Work to be completed | Only the lines from the one that contains "Nelson Baker Scared" through the end of the entries, both included, should be transcribed, exactly and without pictures.

______

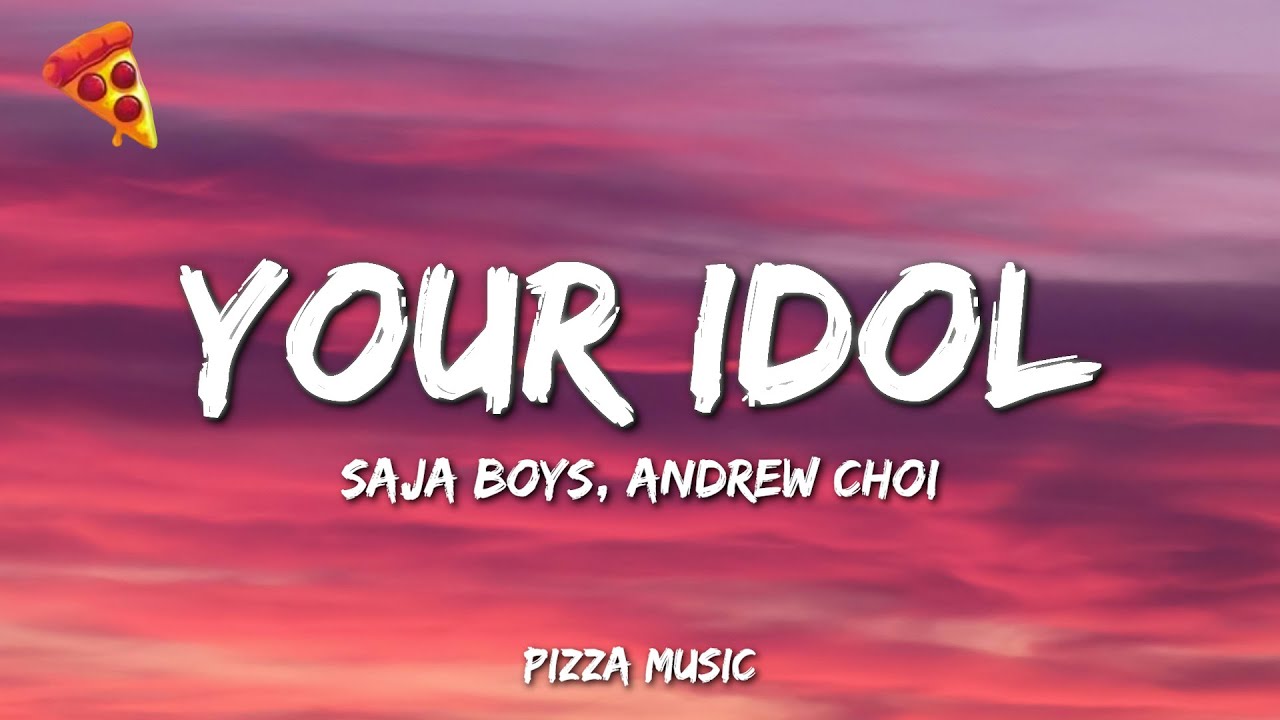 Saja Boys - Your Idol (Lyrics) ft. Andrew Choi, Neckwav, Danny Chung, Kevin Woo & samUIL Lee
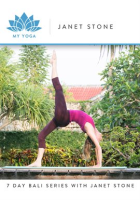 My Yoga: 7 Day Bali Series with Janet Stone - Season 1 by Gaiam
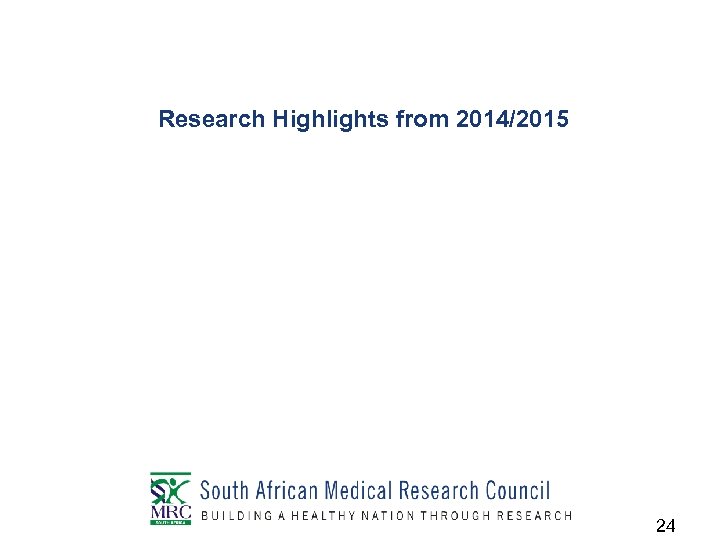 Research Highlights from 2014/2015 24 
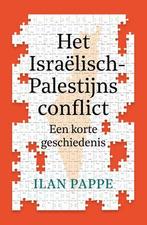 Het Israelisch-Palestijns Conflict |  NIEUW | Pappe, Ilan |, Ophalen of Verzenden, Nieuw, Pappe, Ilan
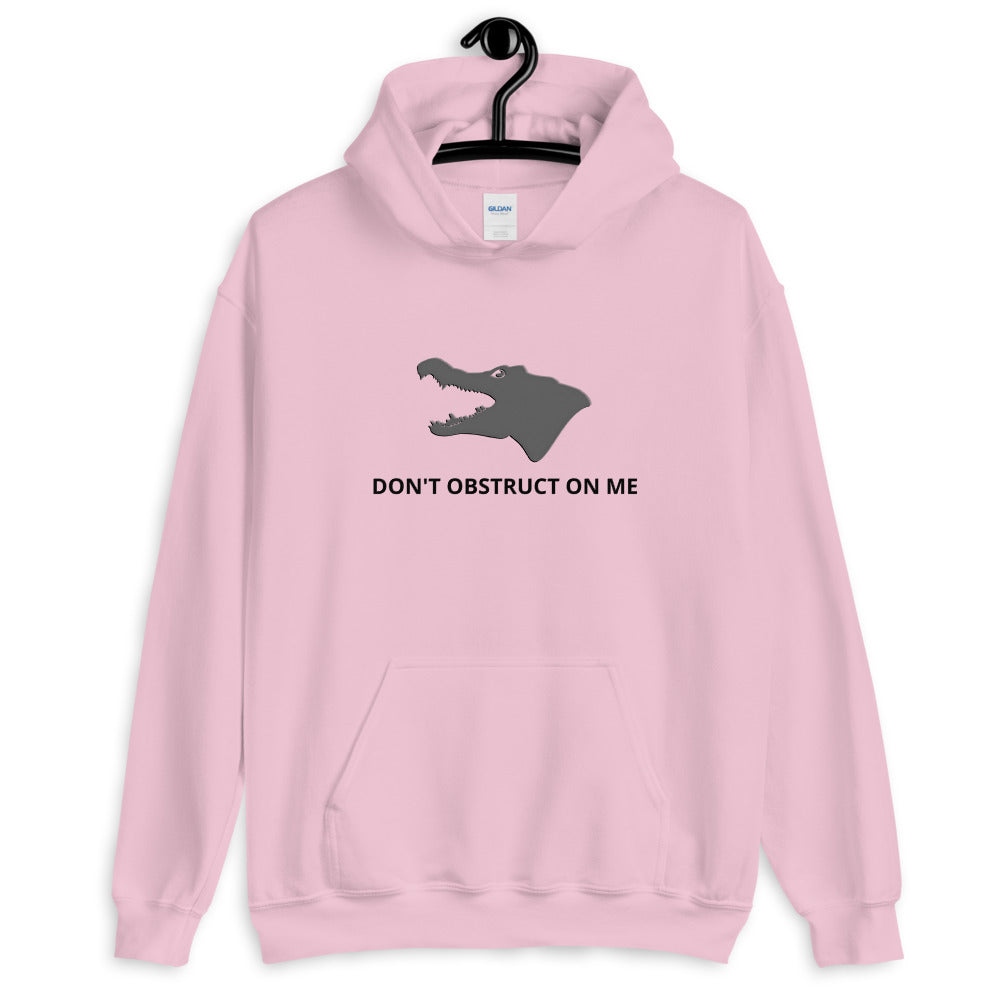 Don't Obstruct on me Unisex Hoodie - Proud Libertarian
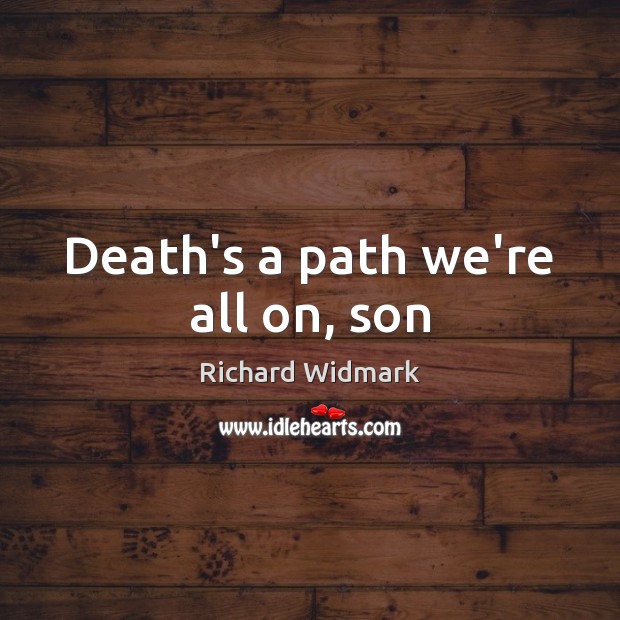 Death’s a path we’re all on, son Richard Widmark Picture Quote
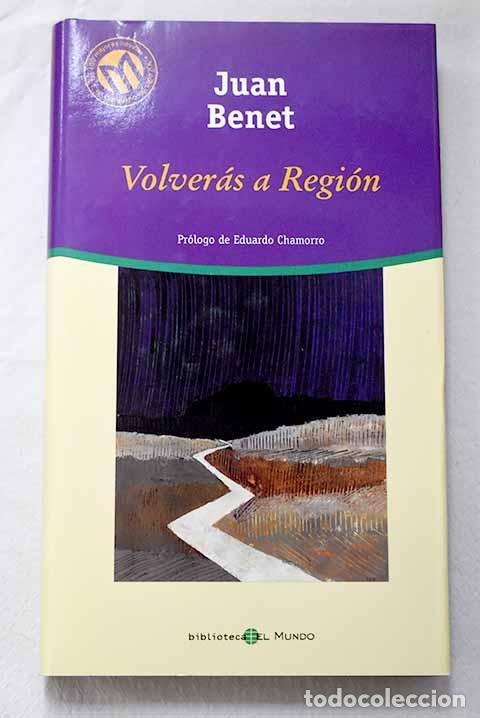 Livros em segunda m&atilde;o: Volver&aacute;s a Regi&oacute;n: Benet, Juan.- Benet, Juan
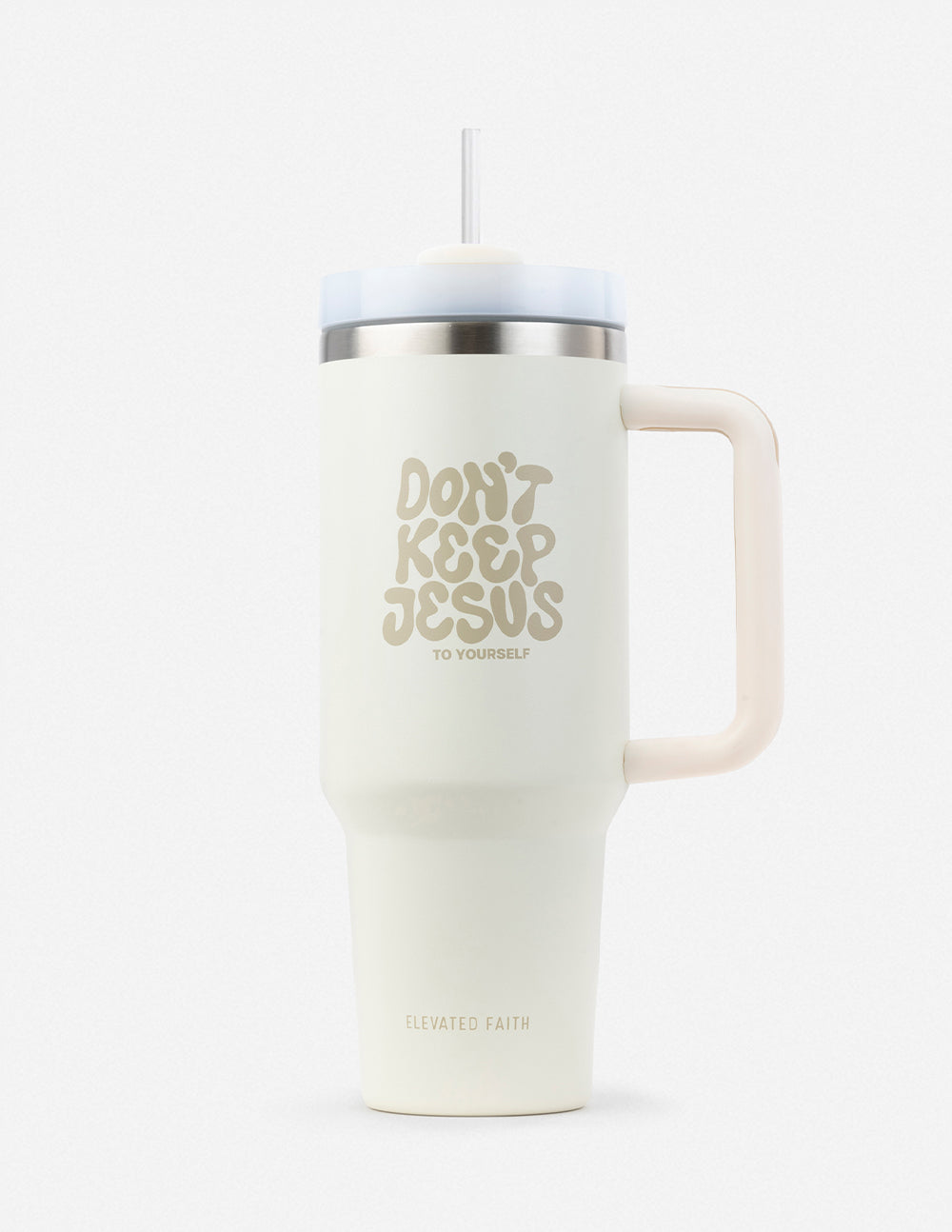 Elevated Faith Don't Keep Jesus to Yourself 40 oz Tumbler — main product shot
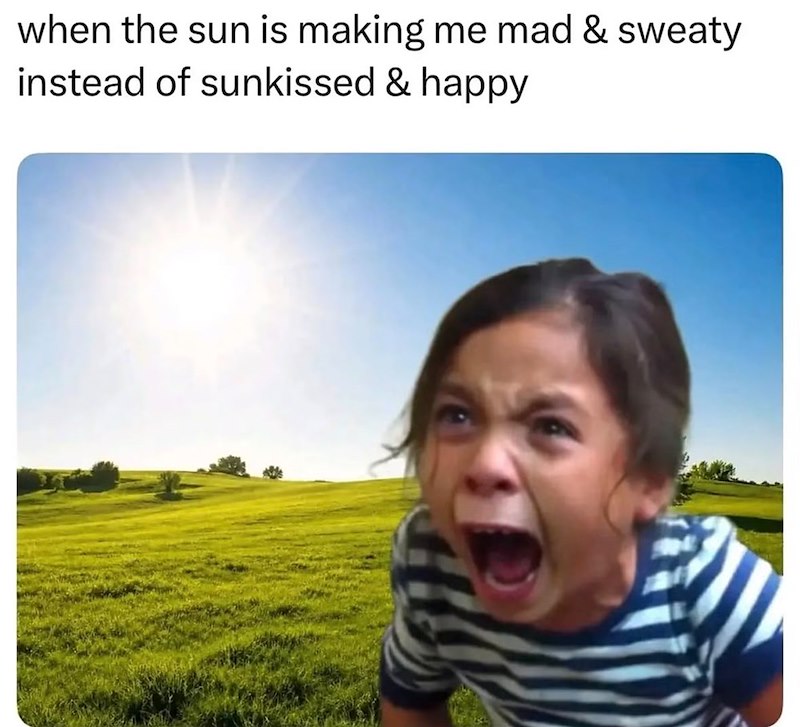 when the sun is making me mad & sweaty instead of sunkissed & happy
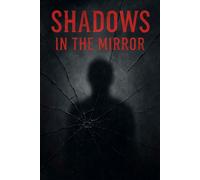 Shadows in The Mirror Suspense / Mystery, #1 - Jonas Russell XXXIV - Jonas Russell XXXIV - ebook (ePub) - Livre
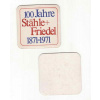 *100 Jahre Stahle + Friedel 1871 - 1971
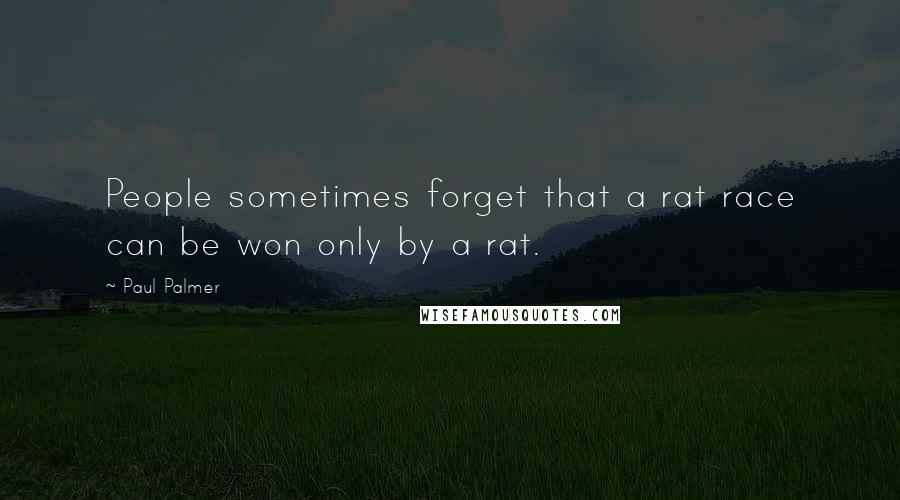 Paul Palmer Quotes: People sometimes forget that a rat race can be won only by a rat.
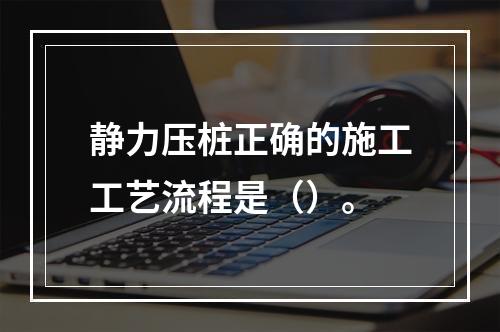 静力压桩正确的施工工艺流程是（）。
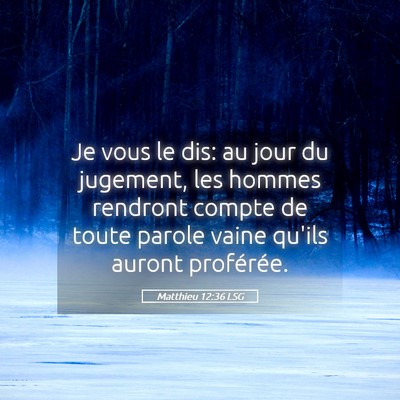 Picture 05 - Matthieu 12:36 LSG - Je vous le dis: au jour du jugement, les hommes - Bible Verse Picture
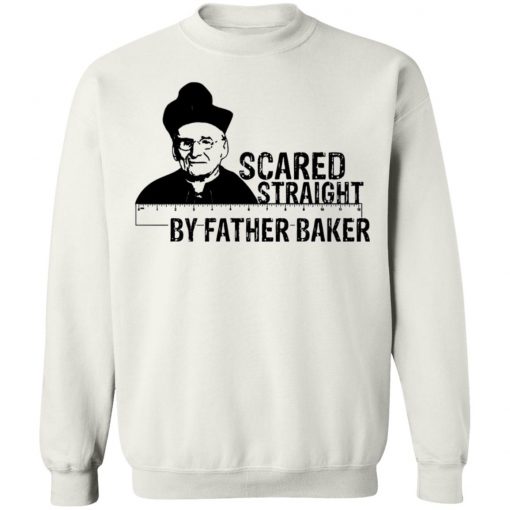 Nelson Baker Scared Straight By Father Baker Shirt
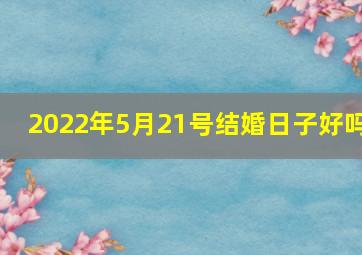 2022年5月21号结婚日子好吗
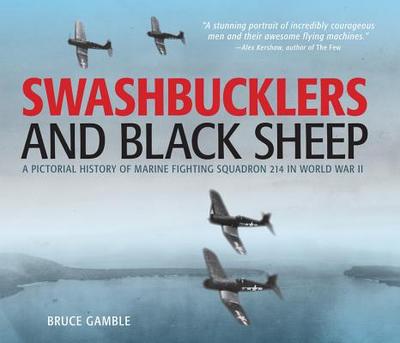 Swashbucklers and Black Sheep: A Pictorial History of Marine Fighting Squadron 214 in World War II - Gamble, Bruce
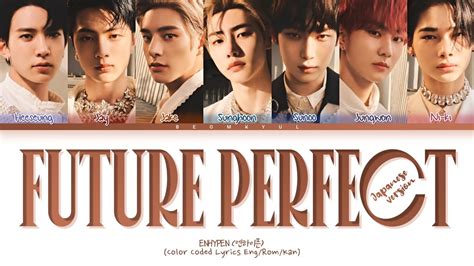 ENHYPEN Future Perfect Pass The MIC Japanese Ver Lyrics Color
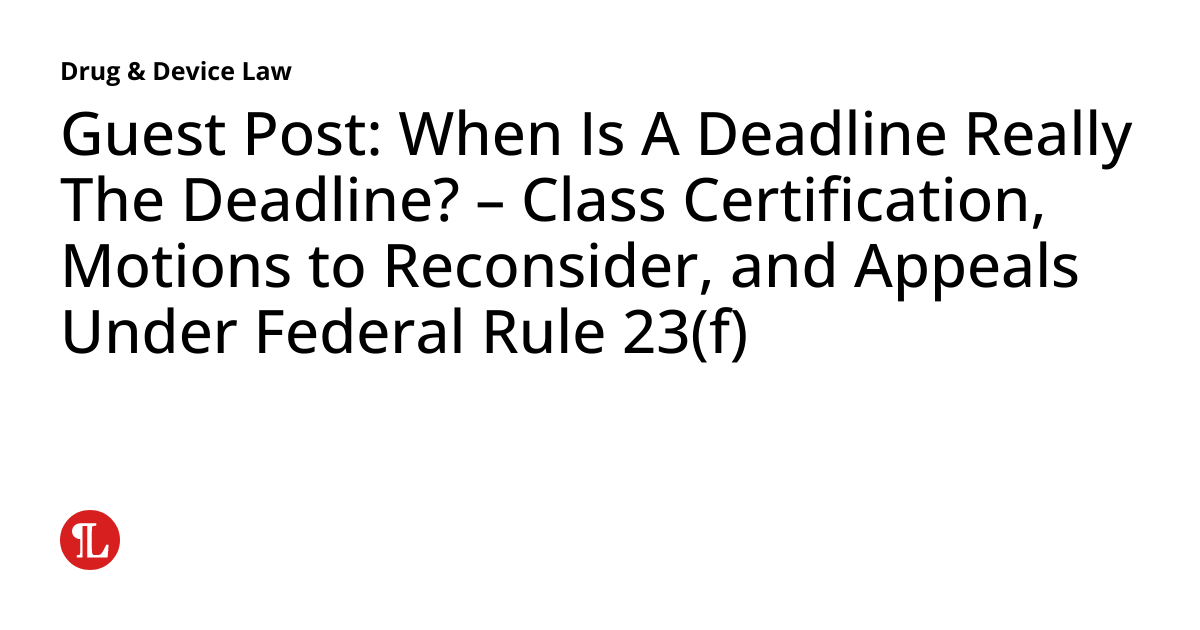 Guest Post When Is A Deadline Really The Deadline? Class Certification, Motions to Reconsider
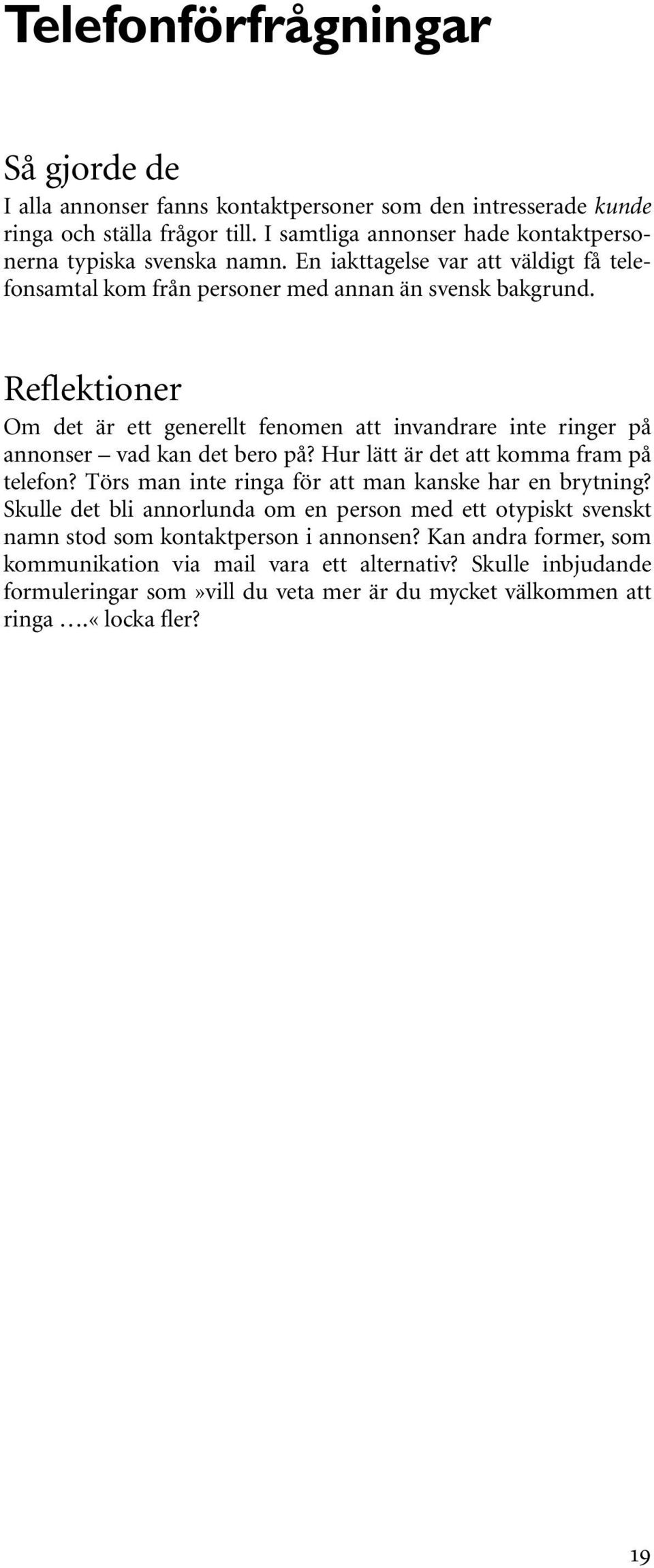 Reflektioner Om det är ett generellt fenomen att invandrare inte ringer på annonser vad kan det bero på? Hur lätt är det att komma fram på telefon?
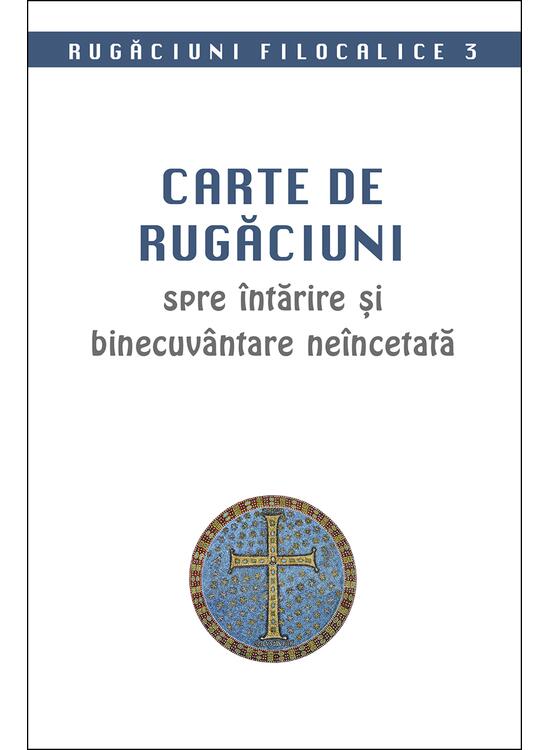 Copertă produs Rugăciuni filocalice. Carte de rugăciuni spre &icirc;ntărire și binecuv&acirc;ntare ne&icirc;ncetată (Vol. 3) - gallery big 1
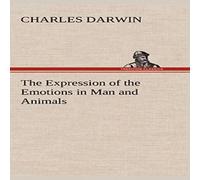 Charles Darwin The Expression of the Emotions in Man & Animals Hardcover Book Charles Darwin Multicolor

______

Result below |
 Nelson Baker Scared Straight By Father Baker Shirt
 2022年5月21号结婚日子好吗
 Swashbucklers and Black Sheep: A Pictorial History of Marine Fighting Squadron 214 in World War II - Gamble, Bruce
 ENHYPEN Future Perfect Pass The MIC Japanese Ver Lyrics Color
 Guest Post When Is A Deadline Really The Deadline? Class Certification, Motions to Reconsider
 Reflektioner Om det är ett generellt fenomen att invandrare inte ringer på annonser vad kan det bero på? Hur lätt är det att komma fram på telefon?
 Copertă produs Rugăciuni filocalice. Carte de rugăciuni spre &icirc;ntărire și binecuv&acirc;ntare ne&icirc;ncetată (Vol. 3) - gallery big 1
 Charles Darwin The Expression of the Emotions in Man & Animals Hardcover Book Charles Darwin Multicolor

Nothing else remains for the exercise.